When Abby Smith Rumsey started working at the Library of Congress, she was worried about the amount of information being produced digitally.
“I was very aware that inside the library, people who knew about the technology and librarians and archivists understood that there was this avalanche coming of digital data that no one knew how to preserve and, in fact, this occurred very quickly,” said Rumsey, who worked with the Library of Congress’ National Digital Information Infrastructure and Preservation Program. “ … Over time, I became more reassured that more people were aware of this — that more technology could solve some of the problems of preserving.”
Wanting to document that worry and ways to deal with it in the future led Rumsey to write When We Are No More: How Digital Memory Is Shaping Our Future. Rumsey will give the 10:45 a.m. morning lecture Thurs., Aug. 16, in the Amphitheater as part of Week Eight’s theme, “The Forgotten: History and Memory in the 21st Century.”
During her lecture, Rumsey will touch both on the fundamentals of memory and the artificial memory humans have created.
“As far as we know, no other species records and accumulates information and knowledge the way we do,” Rumsey said. “It’s actually one of the keys to our success as a species. Why we are spread across the planet is because we actually can accumulate knowledge and share it with other generations — and now with digital, across time and space.”
Now with social media and the 24-hour news cycle, people have been exposed to an information overload, but Rumsey said the world experienced a similar flood of information in the 1800s.

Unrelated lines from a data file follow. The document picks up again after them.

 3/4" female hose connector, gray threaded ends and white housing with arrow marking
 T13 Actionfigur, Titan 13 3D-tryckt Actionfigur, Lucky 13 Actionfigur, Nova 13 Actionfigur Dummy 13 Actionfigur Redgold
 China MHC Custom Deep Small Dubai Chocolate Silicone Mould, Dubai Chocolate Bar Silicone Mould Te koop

When people created the technology to record sound, they couldn’t just hold up an LP and be able to hear what was on the disc; they needed a machine. The same goes for digital memory, Rumsey said.
The concept behind digital archiving is that there is an endless realm in which people can save information, but it’s difficult to know long-term value in the digital era, she said.

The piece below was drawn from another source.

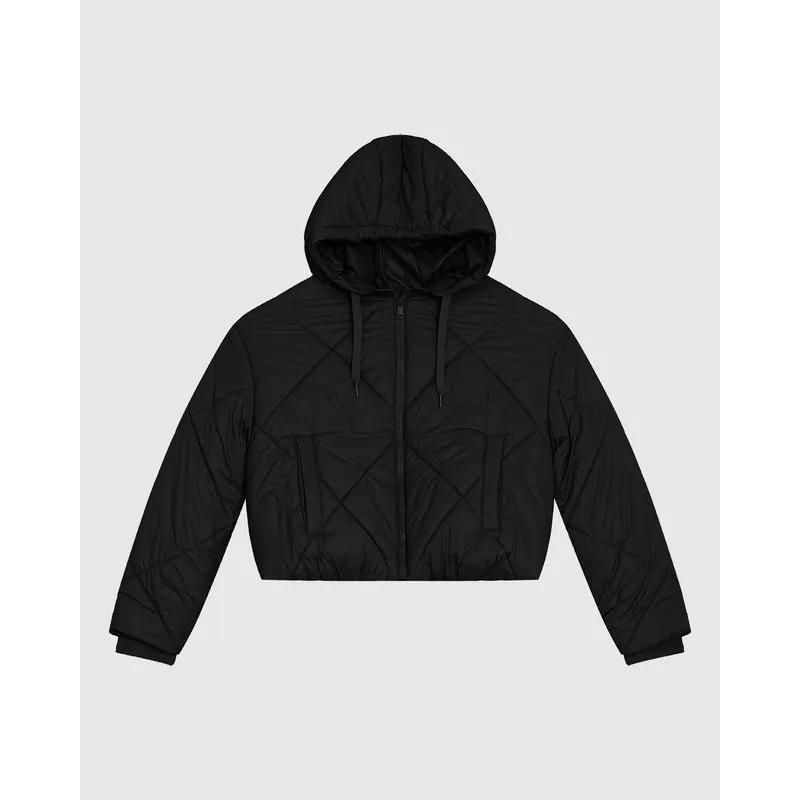 Jaqueta Puffer Feminina Com Capuz Em Poliamida - ENFIM Preto - GG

Now, Rumsey said, there is one question that is repeatedly asked: What should we save?
“There is very, very little surprises and hard lessons in the digital realm that humans have not experienced before,” Rumsey said. “We’ve always been able to solve the problems of how to manage too much information, how to organize it in such a way that we can find it and that, like today and the past, sometimes we invent technologies to solve one problem, then create an entirely new set of problems that we hadn’t anticipated.”
Rumsey spent time in Soviet-era Russia researching the country during the 17th century. She encountered some documents that had been made inaccessible by the Soviet government, and said it hadn’t occurred to her that the political happenings of tsarist Russia could warrant censorship during the Soviet era.
Rumsey knew it was routine for people in charge of totalitarian regimes, like that in Soviet Russia, to erase people in photographs or censor documents. That’s how leaders controlled the population. Even when people tamper with documents, that gives insight into society of the time, Rumsey said.
With digital memory, she said it’s harder to discern what has been manipulated, but that’s only because the technology to figure it out hasn’t been developed yet.
“It’s not as if this hasn’t happened before. People have solved these problems before,” Rumsey said. “People used to forge papers all the time until it became just a matter of vital importance to the state and other people that forgeries be detected. It will be the case with digital.”
Rumsey said there is no right answer to what people should forget or remember in the digital age because memories change.
“How we choose to remember people is fluid. It will change with time, and we are in charge of it. It’s we who remember,” Rumsey said. “We think our machines remember for us, but we are the ones who remember things. Machines don’t erase the past; humans erase the past, and they do it all the time.”